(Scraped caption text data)
+--

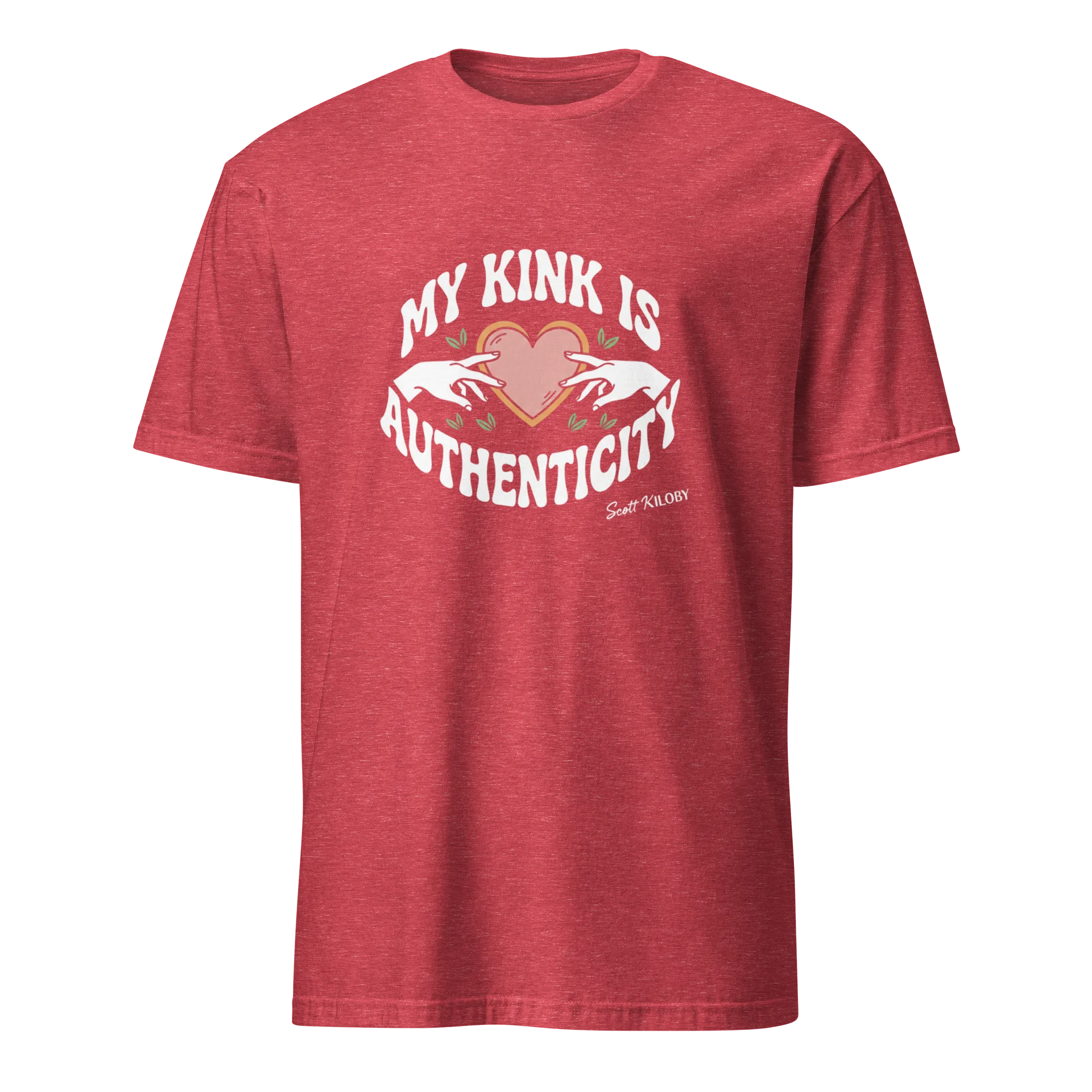 “My Kink Is Authenticity” Heather Red Soft Style T-Shirt product image (1)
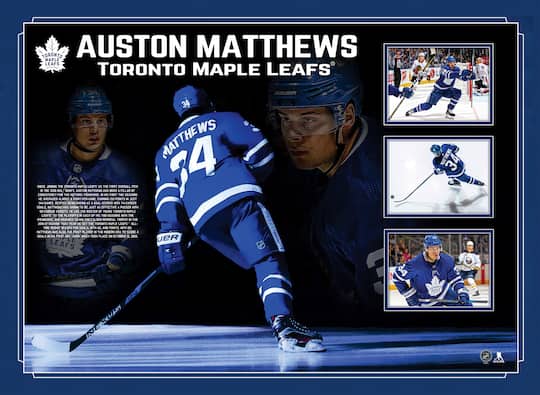 Auston Matthews Toronto Maple Leafs Framed Photo Collage 39.5" x 30.5"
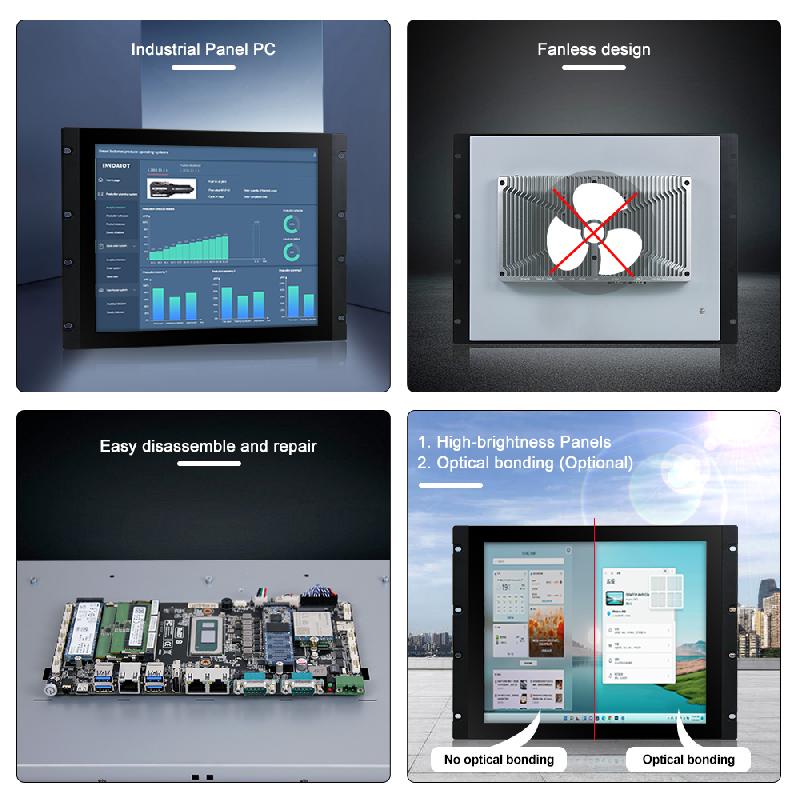 Panel PC industriel fanless 19 pouces SXGA - EVI-19SRC-12th - Intel Core 12e génération, tactile capacitif, IP66_3
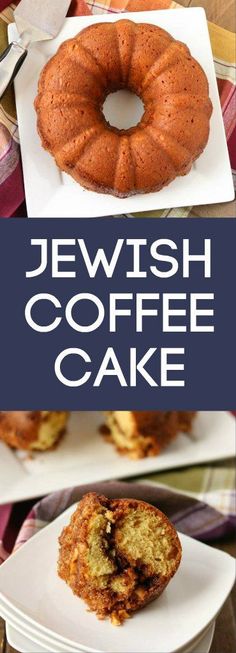 the jewish coffee cake is ready to be eaten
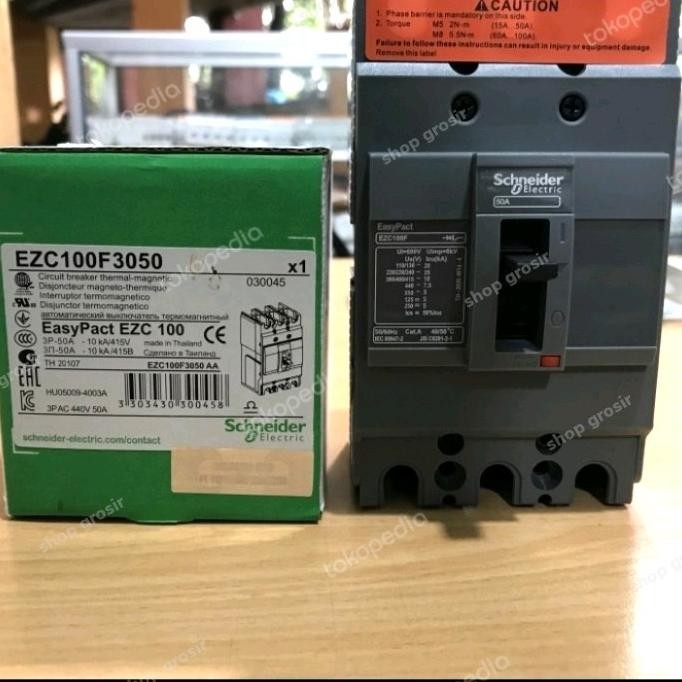 mccb schneider 50a 3p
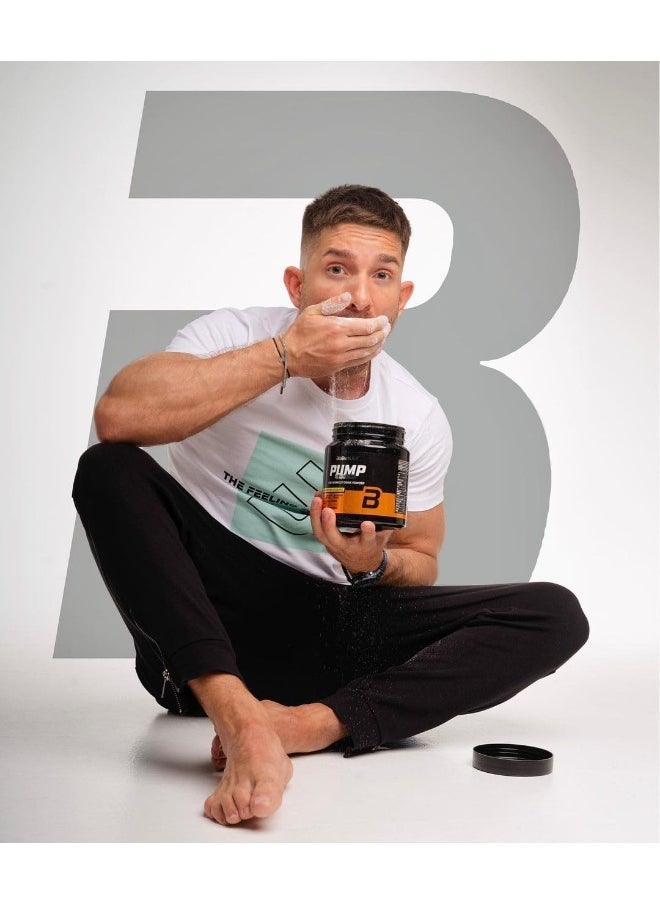 BioTechUSA Pump Caffeine Free | Energy, Focus & Immune Support | 19 Active Ingredients | Pre-Workout Drink Powder, 330 g, Lemon ice tea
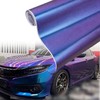 AuMoHall Purple Blue Chameleon Glossy Car Vinyl Wrap Sticker Sparking
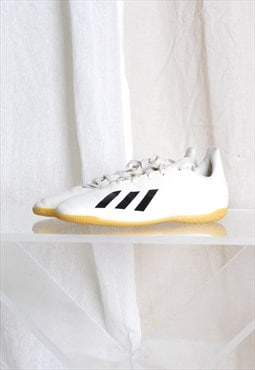 Y2k Adidas Ivory White Athletic Boxer Style Womens Trainers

+--

» **Your objective**:
Write out a verbatim copy of the lines from the line that contains "mccb schneider 50a 3p" through the end of the entries above; pictures are not copied.

» **Response area**:
 mccb schneider 50a 3p
 BioTechUSA Pump Caffeine Free | Energy, Focus & Immune Support | 19 Active Ingredients | Pre-Workout Drink Powder, 330 g, Lemon ice tea
 AuMoHall Purple Blue Chameleon Glossy Car Vinyl Wrap Sticker Sparking
 Y2k Adidas Ivory White Athletic Boxer Style Womens Trainers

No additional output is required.